Tony Jackson was diagnosed with a rare form of MND in November of 2020. Karen describes the difficulty in getting a diagnosis, despite his symptoms being apparent.
“Life was changing months before diagnosis, even when we spoke to the Doctors, we knew it would be a difficult journey. The prognosis meant Dad would only have months, rather than years and it was truly heart-breaking as he lost his speech, his ability to swallow and move his hands.
“Our first stay with Ashgate was in Summer of 2021, to manage his symptoms.

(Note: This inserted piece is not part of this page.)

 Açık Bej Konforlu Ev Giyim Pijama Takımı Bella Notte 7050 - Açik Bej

Both of my parents were fiercely independent, so getting used to carers over a relatively short period of time was trying, but the wonderful medical and nursing staff optimised his care, and Dad never lost his sense of humour and positivity.
“The physiotherapists took him for walks around the grounds, which he loved. We received regular home visits from the specialist Nurse and the Consultant, and through this we felt respected, looked after, and listened to.

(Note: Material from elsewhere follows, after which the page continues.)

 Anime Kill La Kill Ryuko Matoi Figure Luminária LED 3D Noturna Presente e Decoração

“I especially remember the much-needed humour in the face of a terrifying disease. Ashgate made Dad feel as comfortable as he possibly could be.
“Dad passed away at Ashgate in December 2021. We weren’t there with him when he passed away – I had gone home for a rest, expecting to see him again the next day – so it was such a comfort to speak to the two wonderful nurses who were holding his hands for us.
“He charmed everyone with his bright smile and a cheeky twinkle in his eye. It’s been lovely for us to hear so many of the wonderful people who cared for Dad speak so fondly of him, as “Tony Trouble” – the nickname they had for him on the board in his room!
“The staff are special at Ashgate. They are skilled, compassionate, and open. I honestly do not know how we would have managed without them; we all have an increased respect for the work they do and the need for the specialised approach that is needed for people who are at very vulnerable stages of life.”